Dylan Anderson, CJ Barberan, Chris Scherer and Chenyu Liang worked as a team to develop and deliver a project they call the White Sands Test Facility Sniffer to NASA as their senior capstone project, a graduation requirement for the NMSU College of Engineering.
Asher Lieberman, a project manager for NASA's Propulsion Test Office at White Sands Test Facility, and an NMSU College of Engineering alumnus, presented the concept to the team of students during capstone orientations held at the beginning of the fall semester.
"The senior capstone project is absolutely critical to an undergraduate engineering degree. Our degree programs are jam-packed full of theories and techniques," Anderson said. "While it is important to learn the technical background of engineering, it is equally important to solve a real problem and perform engineering in the real world. It is even better if the project actually engineers a final product or deliverable."
Lieberman explained to the team that one potential hazard of working in a rocket engine test facility is that employees could be exposed to dangerous chemicals through leaks on piping systems, especially during the drastic daily temperature changes experienced in southern New Mexico. The NASA site has pressurized systems responsible for carrying hazardous and reactive chemicals to test stands. NASA is developing a chemical sensor to detect potential leaks.
"The problem for us was to develop a platform that could deploy this sensor to various locations throughout the NASA site and prevent personnel from being exposed to leaks," Anderson said.

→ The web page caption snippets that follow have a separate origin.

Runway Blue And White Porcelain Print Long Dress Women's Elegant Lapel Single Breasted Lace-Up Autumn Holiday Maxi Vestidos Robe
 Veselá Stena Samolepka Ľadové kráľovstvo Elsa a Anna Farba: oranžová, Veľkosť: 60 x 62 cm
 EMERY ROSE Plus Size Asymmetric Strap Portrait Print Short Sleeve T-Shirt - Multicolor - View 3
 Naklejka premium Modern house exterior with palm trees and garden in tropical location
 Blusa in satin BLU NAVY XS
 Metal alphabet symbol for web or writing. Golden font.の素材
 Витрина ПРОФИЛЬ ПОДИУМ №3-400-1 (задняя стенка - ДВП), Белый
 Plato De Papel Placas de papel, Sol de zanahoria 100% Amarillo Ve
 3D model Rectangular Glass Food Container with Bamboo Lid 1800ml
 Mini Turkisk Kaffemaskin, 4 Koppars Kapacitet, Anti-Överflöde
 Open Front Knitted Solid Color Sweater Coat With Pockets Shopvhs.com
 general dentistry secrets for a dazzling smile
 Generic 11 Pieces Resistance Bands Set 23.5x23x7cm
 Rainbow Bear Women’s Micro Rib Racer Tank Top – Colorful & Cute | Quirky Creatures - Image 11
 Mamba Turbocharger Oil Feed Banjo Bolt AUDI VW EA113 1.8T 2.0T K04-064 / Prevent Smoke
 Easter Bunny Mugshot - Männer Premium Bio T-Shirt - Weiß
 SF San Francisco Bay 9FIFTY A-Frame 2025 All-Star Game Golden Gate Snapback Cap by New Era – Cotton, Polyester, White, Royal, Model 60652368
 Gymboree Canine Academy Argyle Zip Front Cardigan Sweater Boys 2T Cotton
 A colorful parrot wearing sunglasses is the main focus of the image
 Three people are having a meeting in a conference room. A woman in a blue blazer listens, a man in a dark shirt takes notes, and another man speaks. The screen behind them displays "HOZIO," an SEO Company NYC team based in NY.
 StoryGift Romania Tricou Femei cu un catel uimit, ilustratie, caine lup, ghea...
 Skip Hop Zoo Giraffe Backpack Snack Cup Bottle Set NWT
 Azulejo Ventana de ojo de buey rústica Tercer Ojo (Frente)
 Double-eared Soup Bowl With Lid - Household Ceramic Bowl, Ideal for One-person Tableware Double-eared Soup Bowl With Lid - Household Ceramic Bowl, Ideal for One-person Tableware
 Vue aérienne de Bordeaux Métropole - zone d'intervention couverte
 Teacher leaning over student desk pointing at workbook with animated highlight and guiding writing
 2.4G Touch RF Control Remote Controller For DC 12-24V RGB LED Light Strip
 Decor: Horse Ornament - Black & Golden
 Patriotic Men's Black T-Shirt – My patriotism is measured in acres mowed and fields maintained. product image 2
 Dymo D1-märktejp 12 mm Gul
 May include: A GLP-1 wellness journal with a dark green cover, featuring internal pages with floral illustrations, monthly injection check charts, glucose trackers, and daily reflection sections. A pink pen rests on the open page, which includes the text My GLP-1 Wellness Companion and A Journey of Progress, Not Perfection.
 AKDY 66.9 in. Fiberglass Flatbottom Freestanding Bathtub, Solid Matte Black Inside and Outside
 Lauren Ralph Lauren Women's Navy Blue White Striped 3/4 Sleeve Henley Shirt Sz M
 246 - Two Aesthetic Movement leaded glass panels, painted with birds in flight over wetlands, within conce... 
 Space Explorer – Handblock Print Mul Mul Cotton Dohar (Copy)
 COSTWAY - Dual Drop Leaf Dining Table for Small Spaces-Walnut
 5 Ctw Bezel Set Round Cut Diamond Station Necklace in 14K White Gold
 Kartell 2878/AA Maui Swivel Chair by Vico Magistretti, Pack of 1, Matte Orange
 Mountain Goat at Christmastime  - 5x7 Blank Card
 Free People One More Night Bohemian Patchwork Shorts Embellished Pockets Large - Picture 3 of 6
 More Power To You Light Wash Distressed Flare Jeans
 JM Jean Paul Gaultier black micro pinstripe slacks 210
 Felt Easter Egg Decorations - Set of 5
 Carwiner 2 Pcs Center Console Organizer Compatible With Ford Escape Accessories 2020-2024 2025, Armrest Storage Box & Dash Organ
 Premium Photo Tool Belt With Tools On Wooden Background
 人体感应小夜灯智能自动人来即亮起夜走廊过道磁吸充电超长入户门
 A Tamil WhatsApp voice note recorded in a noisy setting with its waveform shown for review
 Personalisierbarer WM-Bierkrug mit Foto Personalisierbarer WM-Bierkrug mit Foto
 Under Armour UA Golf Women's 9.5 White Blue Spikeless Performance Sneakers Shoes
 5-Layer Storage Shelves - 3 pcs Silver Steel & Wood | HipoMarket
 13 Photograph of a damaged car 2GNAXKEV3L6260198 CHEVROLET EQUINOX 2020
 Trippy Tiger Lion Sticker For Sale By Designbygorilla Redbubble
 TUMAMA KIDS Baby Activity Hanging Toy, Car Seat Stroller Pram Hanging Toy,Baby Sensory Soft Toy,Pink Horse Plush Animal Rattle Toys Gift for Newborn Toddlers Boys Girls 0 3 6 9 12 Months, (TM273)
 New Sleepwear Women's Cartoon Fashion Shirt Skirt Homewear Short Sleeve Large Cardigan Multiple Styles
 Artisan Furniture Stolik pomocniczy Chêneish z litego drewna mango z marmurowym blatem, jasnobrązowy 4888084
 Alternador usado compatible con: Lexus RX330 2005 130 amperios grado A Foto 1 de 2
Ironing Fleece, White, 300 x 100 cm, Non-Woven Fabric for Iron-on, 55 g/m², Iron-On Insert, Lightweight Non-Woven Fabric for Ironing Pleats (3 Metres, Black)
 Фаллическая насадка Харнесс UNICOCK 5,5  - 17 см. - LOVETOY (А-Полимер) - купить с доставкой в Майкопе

The students started with a basic robot platform, the Super Droid Robot SD6 Chassis. They added navigations systems, sensors and processors to the robot.
Barberan developed an error-corrected differential GPS system and selected ultrasonic range sensors with the ability to detect range out to five meters for the sniffer, while Liang and Scherer developed the sensor packages for the weather station on the sniffer. The weather station provides temperature, wind speed, wind direction and humidity data in real-time. Anderson was the primary software developer for the team and developed the operational interface of the system.
"With these new capabilities, we will have opportunities to make observations and take measurements without sending people into the area," Lieberman said. "The rover the team developed for us allows us to sense things that may happen when people aren't even at the site. It really gives us an opportunity to take some existing technologies and innovations and bring them together for us to do something new."
The sniffer is intuitively controlled using an X-Box controller, an innovation Lieberman hadn't expected.
"Students bring new, fresh ideas to problem statements," Lieberman said. "The controller is easy to use and more intuitive than what we probably would have developed - and, it's cheaper."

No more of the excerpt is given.